La
voz del poeta
JOSÉ LUIS
MARTÍNEZ. EL SANTO OFICIO. MILENIO DOMINICAL.
En el
prólogo de Jaime Sabines. Apuntes para una biografía, de Pilar Jiménez Trejo,
Daniel González Dueñas afirma: la voz del poeta “se escucha en cada página, en
cada párrafo, en cada apunte” de este libro escrito desde las profundidades de
la perseverancia, desde las alturas de la admiración y el afecto.
Todo Sabines
está en estos folios: su infancia, sus poemas, las mujeres, la muerte, la
soledad, la tristeza, la enfermedad, pero, sobre todo, su amor por la vida. “La
vida es maravillosa —le comenta a Pilar—. Y me dispongo a vivirla”.
Lo dice
después de un largo periodo de sufrimiento.
En noviembre
de 1989, en una visita a Tuxtla Gutiérrez, tropezó con un escalón y al caerse
se rompió el fémur de la pierna izquierda. La deficiente atención médica
inicial fue el origen de una larga sucesión de tormentos físicos.
“En cinco
años —rememora— me operaron varias veces de la pierna, de la cadera, del
abdomen; se me complicaron las cosas, tuve peritonitis dos veces, estuve en
salas de recuperación, de terapia intensiva, tuve cataratas, me pusieron
enormes agujas en las vértebras, clavos en las rodillas, sondas… Me tasajearon
el cuerpo 33 veces durante un lustro de enfermedad constante, por haber
cometido el error de caerme de un desnivel de ocho centímetros. ¡Qué vergüenza!

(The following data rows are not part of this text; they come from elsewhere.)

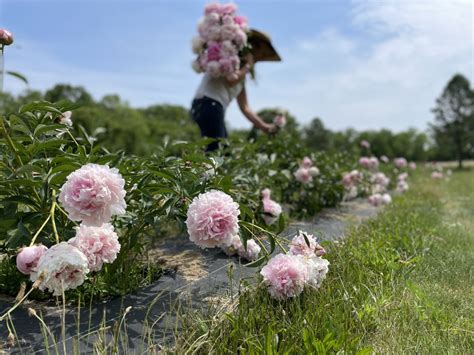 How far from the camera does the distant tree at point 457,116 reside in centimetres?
2486

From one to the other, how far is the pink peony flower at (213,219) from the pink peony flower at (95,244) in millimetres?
244

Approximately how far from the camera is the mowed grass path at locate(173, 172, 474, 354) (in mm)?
1213

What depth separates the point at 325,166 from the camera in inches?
169

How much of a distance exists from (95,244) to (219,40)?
2808mm

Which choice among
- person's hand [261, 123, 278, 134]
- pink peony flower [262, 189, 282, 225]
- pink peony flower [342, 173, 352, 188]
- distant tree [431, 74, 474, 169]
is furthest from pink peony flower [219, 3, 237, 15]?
distant tree [431, 74, 474, 169]

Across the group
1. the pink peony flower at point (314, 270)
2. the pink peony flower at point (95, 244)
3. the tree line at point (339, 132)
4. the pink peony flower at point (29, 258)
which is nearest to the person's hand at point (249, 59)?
the pink peony flower at point (314, 270)

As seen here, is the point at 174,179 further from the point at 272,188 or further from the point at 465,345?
the point at 272,188

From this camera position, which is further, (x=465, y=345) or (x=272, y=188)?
(x=272, y=188)

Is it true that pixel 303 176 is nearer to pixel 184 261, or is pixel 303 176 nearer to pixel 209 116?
pixel 209 116

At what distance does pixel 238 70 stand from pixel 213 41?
0.34 meters

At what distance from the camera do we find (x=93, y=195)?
116cm

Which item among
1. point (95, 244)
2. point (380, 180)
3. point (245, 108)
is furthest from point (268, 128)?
point (95, 244)

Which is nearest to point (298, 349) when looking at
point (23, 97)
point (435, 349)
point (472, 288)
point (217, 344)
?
point (217, 344)

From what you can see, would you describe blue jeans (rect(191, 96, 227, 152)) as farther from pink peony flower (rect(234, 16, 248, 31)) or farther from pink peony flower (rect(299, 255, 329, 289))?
pink peony flower (rect(299, 255, 329, 289))
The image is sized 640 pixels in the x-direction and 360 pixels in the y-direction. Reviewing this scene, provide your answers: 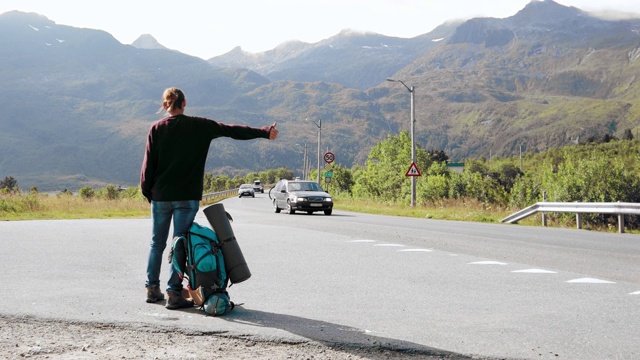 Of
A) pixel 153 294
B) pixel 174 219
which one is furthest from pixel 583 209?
pixel 174 219

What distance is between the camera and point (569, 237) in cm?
1852

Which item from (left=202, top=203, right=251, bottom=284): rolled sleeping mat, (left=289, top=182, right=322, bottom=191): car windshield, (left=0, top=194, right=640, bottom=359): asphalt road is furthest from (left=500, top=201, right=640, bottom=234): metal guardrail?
(left=202, top=203, right=251, bottom=284): rolled sleeping mat

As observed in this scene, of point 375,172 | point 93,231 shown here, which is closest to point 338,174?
point 375,172

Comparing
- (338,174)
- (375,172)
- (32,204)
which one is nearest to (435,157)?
(338,174)

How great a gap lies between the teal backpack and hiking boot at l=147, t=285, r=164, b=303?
0.70 metres

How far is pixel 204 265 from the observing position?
6938 millimetres

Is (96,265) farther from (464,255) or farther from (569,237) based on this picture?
(569,237)

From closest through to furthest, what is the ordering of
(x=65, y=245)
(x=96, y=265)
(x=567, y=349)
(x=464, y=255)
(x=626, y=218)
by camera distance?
(x=567, y=349)
(x=96, y=265)
(x=464, y=255)
(x=65, y=245)
(x=626, y=218)

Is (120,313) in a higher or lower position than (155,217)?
lower

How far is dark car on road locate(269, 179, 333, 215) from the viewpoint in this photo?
32.0 m

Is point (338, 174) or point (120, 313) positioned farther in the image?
point (338, 174)

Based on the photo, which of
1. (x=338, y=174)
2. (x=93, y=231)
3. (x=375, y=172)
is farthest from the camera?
(x=338, y=174)

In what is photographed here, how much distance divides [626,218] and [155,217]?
2364cm

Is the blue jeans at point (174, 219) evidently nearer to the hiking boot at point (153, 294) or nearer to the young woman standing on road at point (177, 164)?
the young woman standing on road at point (177, 164) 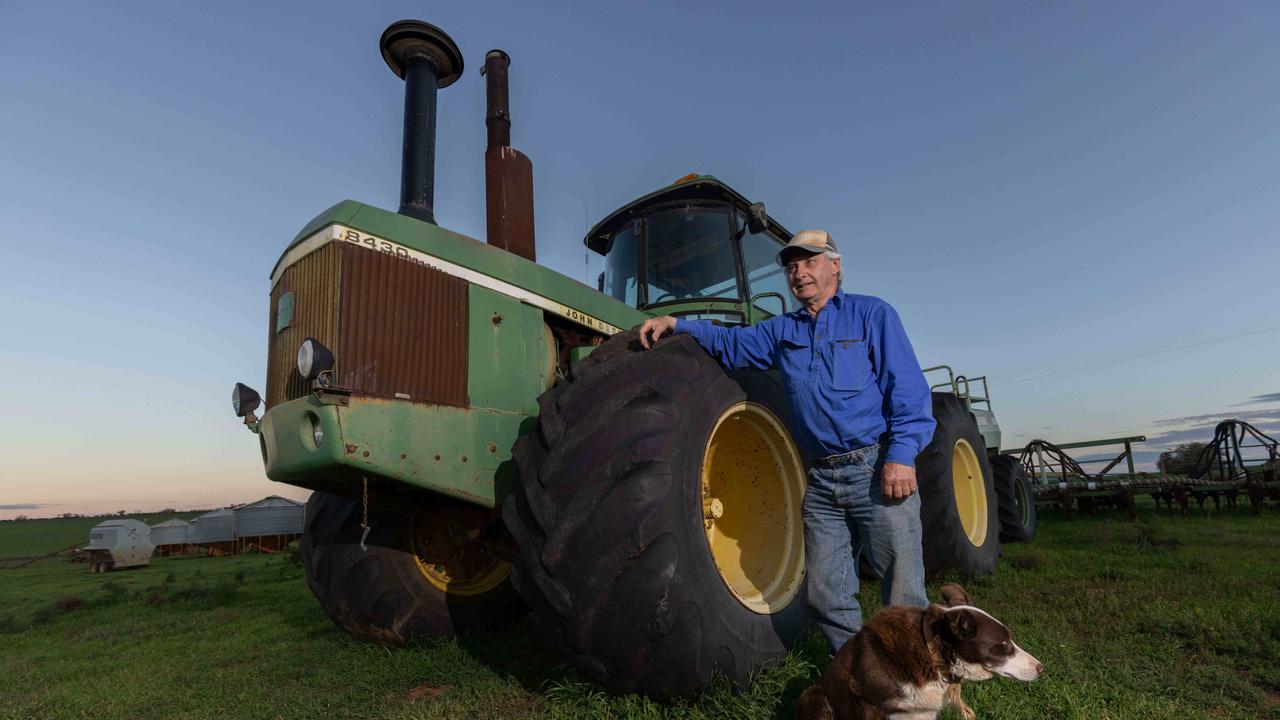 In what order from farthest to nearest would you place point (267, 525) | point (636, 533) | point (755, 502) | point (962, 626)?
1. point (267, 525)
2. point (755, 502)
3. point (636, 533)
4. point (962, 626)

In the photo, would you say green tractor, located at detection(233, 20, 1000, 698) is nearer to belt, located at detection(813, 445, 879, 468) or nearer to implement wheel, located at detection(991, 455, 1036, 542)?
belt, located at detection(813, 445, 879, 468)

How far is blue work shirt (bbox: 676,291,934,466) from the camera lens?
2.41 m

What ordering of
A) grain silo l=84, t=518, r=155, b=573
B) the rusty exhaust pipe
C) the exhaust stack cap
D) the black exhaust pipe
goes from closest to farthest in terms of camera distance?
the black exhaust pipe < the exhaust stack cap < the rusty exhaust pipe < grain silo l=84, t=518, r=155, b=573

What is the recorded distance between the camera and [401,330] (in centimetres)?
298

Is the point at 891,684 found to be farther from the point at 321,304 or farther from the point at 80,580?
the point at 80,580

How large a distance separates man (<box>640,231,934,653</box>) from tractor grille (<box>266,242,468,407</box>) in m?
1.59

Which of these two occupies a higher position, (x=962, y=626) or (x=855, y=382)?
(x=855, y=382)

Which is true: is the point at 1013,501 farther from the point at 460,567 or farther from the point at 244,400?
the point at 244,400

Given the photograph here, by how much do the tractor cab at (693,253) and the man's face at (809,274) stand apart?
6.18ft

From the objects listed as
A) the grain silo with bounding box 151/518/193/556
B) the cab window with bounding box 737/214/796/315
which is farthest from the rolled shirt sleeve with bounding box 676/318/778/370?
the grain silo with bounding box 151/518/193/556

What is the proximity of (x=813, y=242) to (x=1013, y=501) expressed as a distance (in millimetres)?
6192

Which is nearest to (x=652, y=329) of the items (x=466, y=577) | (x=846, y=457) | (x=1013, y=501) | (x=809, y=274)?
(x=809, y=274)

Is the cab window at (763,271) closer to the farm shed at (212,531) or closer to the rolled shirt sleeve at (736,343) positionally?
the rolled shirt sleeve at (736,343)

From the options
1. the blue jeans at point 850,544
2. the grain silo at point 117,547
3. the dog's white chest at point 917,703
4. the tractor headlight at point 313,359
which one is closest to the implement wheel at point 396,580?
the tractor headlight at point 313,359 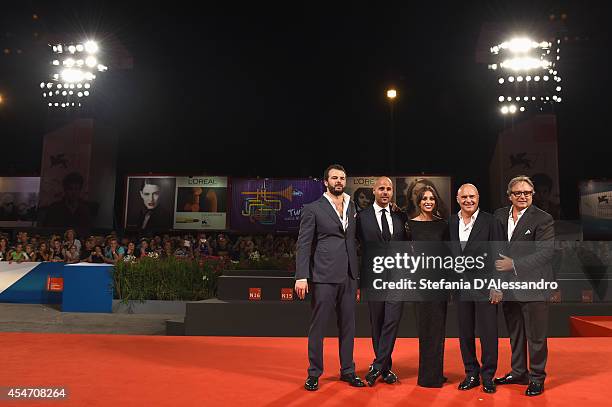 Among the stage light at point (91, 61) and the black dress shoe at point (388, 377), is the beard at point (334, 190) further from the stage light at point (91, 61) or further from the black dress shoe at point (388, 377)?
the stage light at point (91, 61)

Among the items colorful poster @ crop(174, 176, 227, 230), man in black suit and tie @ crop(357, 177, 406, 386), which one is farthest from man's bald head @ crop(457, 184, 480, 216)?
colorful poster @ crop(174, 176, 227, 230)

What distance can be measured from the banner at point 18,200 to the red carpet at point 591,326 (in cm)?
2109

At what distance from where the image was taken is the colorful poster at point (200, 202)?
793 inches

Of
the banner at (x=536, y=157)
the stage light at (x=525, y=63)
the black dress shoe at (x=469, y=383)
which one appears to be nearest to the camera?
the black dress shoe at (x=469, y=383)

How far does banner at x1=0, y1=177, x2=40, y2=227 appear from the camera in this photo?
20.1m

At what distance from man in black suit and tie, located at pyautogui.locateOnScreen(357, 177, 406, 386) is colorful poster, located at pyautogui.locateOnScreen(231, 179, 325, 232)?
1601 cm

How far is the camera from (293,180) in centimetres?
2005

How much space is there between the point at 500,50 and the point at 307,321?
44.8 ft

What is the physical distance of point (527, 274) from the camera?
3473 millimetres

Yo habría querido desplomarme de la punta del Everest o por lo menos del cerro
de Mactumatzá, en mi pueblo de Tuxtla”.
El sentido
del humor, seco, lapidario, no es infrecuente en este libro. Tampoco lo son las
muestras del carácter de Sabines, quien jamás cedió ante la tentación de
tenerse lástima. “Si tú no te compadeces de ti mismo y miras las cosas
racionalmente, ganas —le explica a Pilar—. Cuando me dolía la pierna izquierda,
le mentaba la madre. De verdad, le decía: ‘¡Hija de la chingada, ya deja de
joder, por Dios’”.
El monje lee
absorto y apenado estas lecciones de entereza y determinación, cuando tantos
como él se quejan a la menor oportunidad y sienten morirse cuando se machucan
un dedo. Pero el poeta de “Los amorosos” y “Tarumba” soportó estoico todas las
pruebas, no solo la enfermedad sino también la muerte de sus padres, de su hijo
Jaime y su hermano Juan. Escribir —dice— lo ayudó a olvidar, a disfrutar la
hermosa vida.
Fotografías
con familiares y amigos, en viajes y lecturas, de manuscritos y dibujos, de
portadas de libros y documentos oficiales, complementan este testimonio intenso
del poeta, quien a pesar de las desventuras siempre andaba en busca de la
felicidad y, con una sonrisa, recordaba: “Cristo dijo una cosa maravillosa:
‘Dejad que los muertos entierren a los muertos’. Los vivos debemos vivir para
los vivos, para hoy y para mañana. Solo que a veces los muertos te atrapan y no
te quieren soltar, quieren hundirte con ellos en su tumba; entonces hay que
decirles: ‘Ya, quédate ahí tranquilo, yo me voy a caminar…’”.
Queridos
cinco lectores, El Santo Oficio los colma de bendiciones. El Señor esté con
ustedes. Amén.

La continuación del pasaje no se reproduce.